Repeat the records exactly, with one exception: no images.

**Material provided**
· · ·

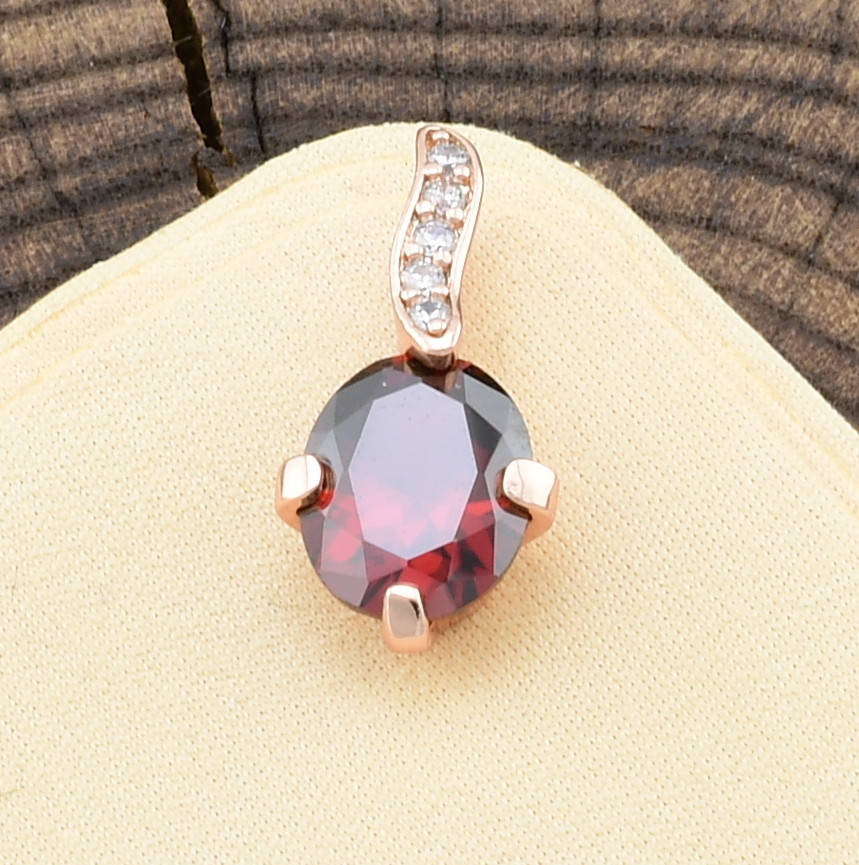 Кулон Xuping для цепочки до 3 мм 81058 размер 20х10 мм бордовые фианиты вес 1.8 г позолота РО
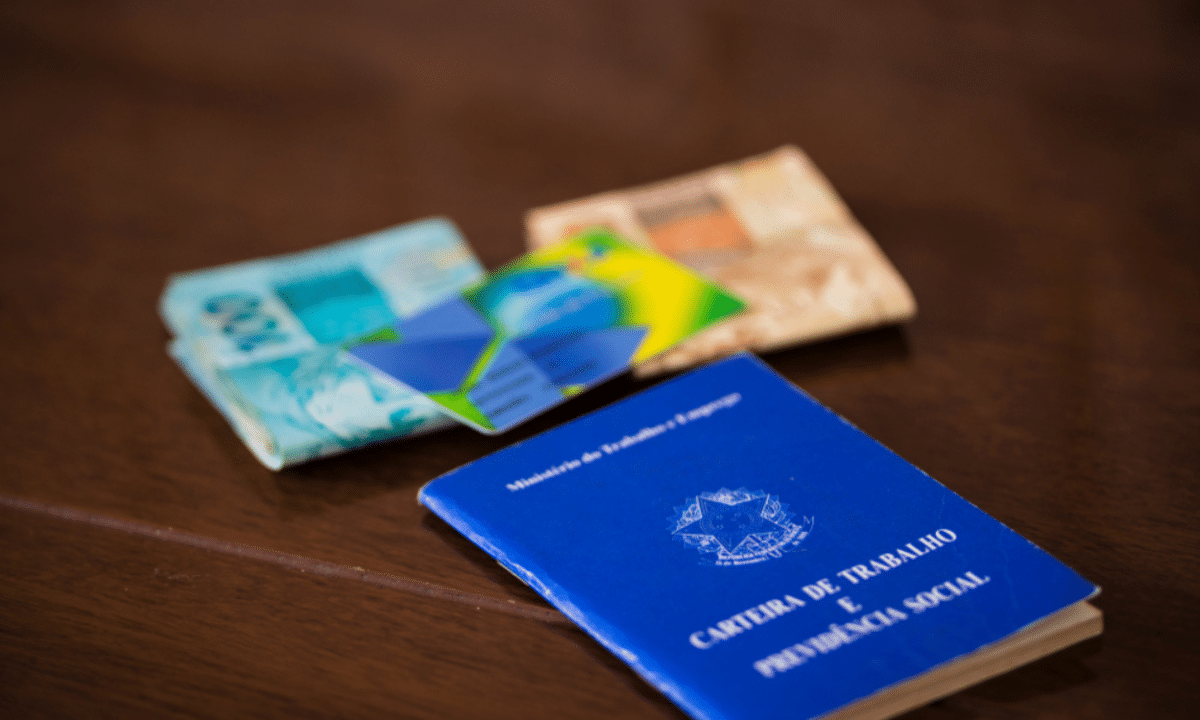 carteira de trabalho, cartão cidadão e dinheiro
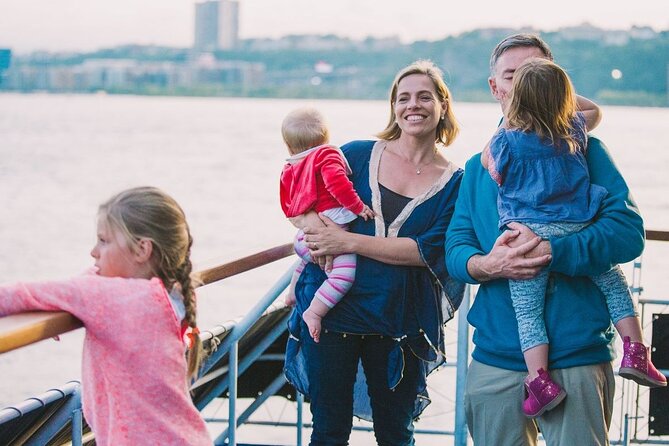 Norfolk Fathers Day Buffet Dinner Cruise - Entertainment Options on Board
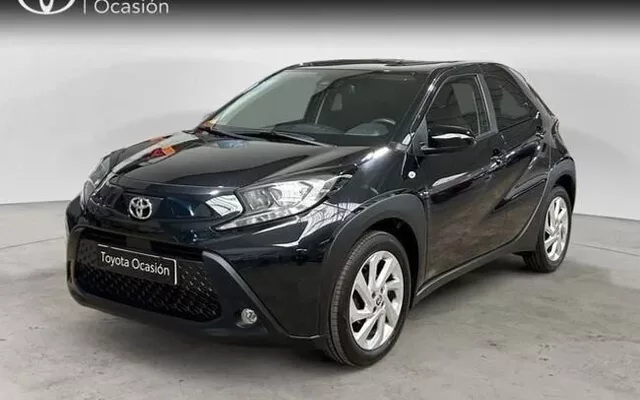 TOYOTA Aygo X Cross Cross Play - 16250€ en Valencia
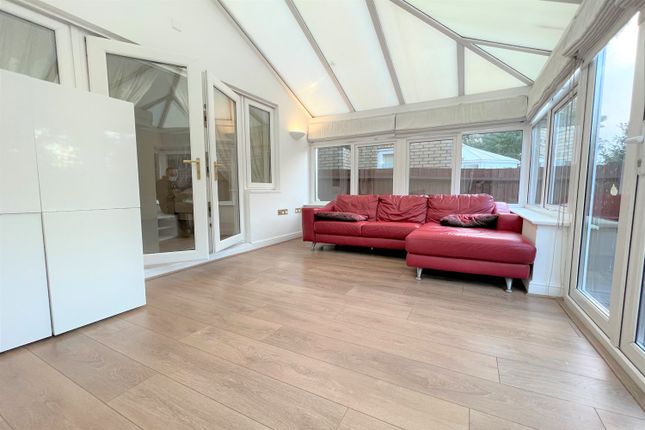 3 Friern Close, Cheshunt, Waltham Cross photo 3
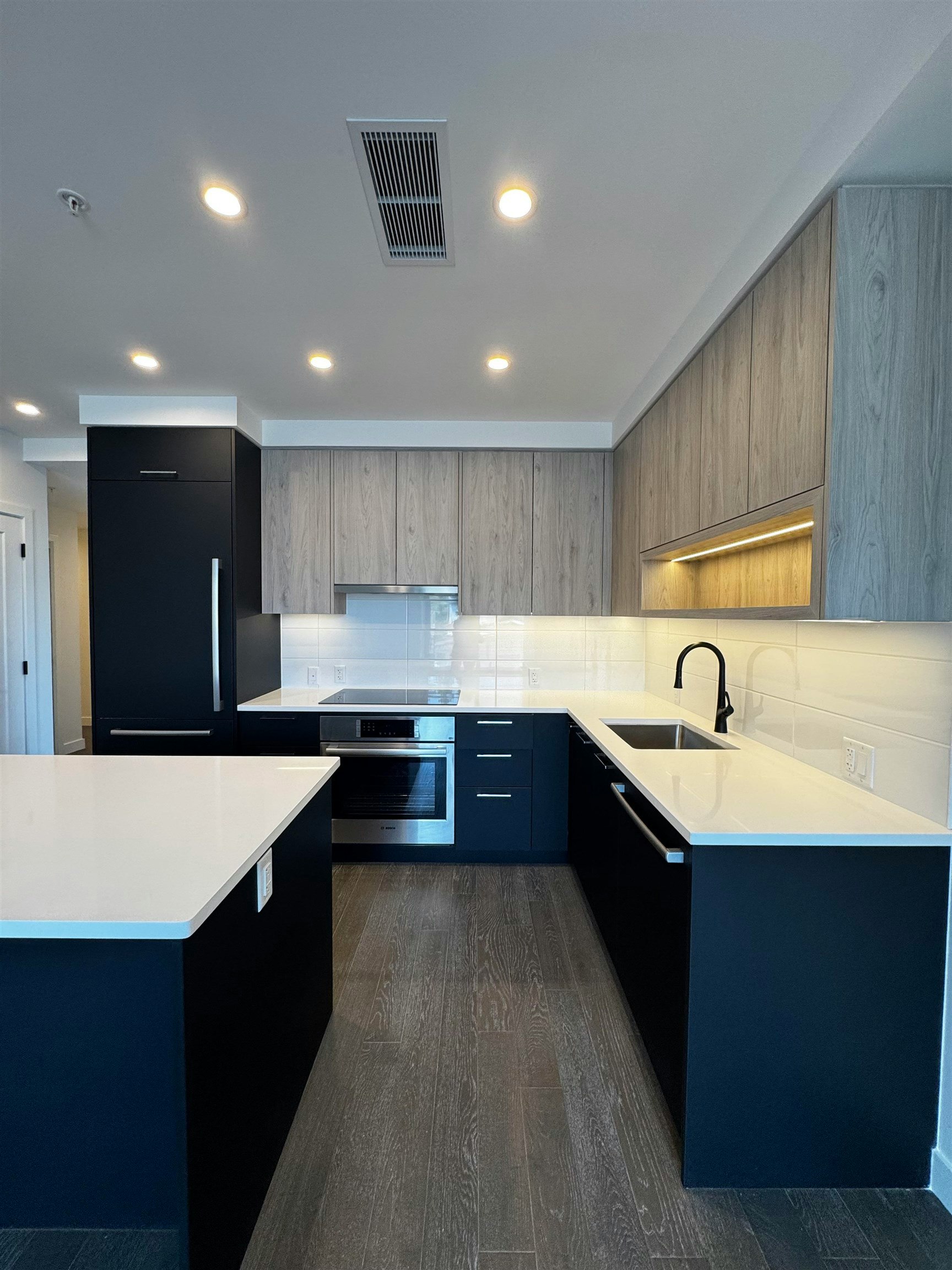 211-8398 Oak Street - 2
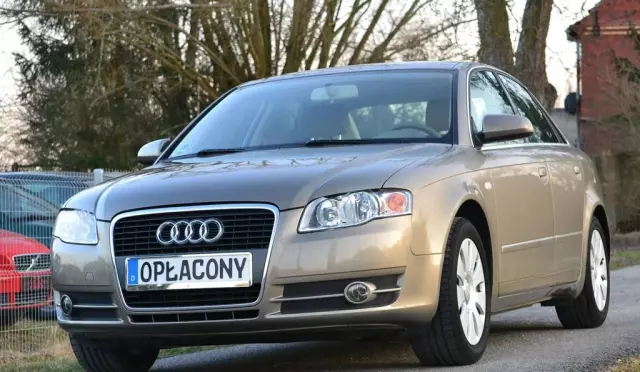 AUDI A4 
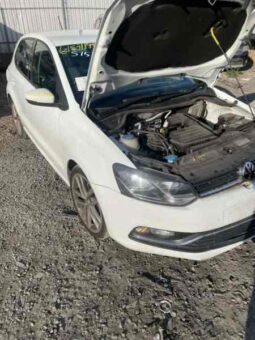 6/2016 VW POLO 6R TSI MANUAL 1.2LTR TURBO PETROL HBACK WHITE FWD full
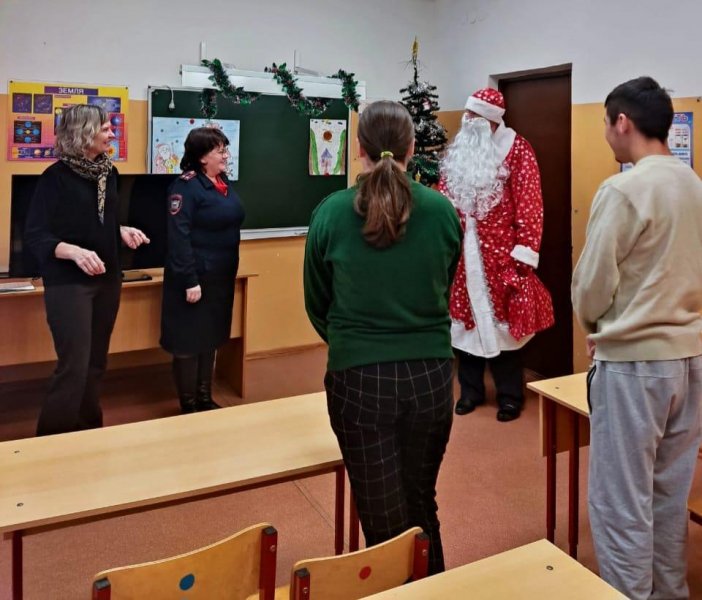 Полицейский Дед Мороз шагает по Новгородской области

· · ·

**Output of the task**
 Кулон Xuping для цепочки до 3 мм 81058 размер 20х10 мм бордовые фианиты вес 1.8 г позолота РО
 carteira de trabalho, cartão cidadão e dinheiro
 Norfolk Fathers Day Buffet Dinner Cruise - Entertainment Options on Board
 TOYOTA Aygo X Cross Cross Play - 16250€ en Valencia
 3 Friern Close, Cheshunt, Waltham Cross photo 3
 211-8398 Oak Street - 2
 AUDI A4 
 6/2016 VW POLO 6R TSI MANUAL 1.2LTR TURBO PETROL HBACK WHITE FWD full
 Полицейский Дед Мороз шагает по Новгородской области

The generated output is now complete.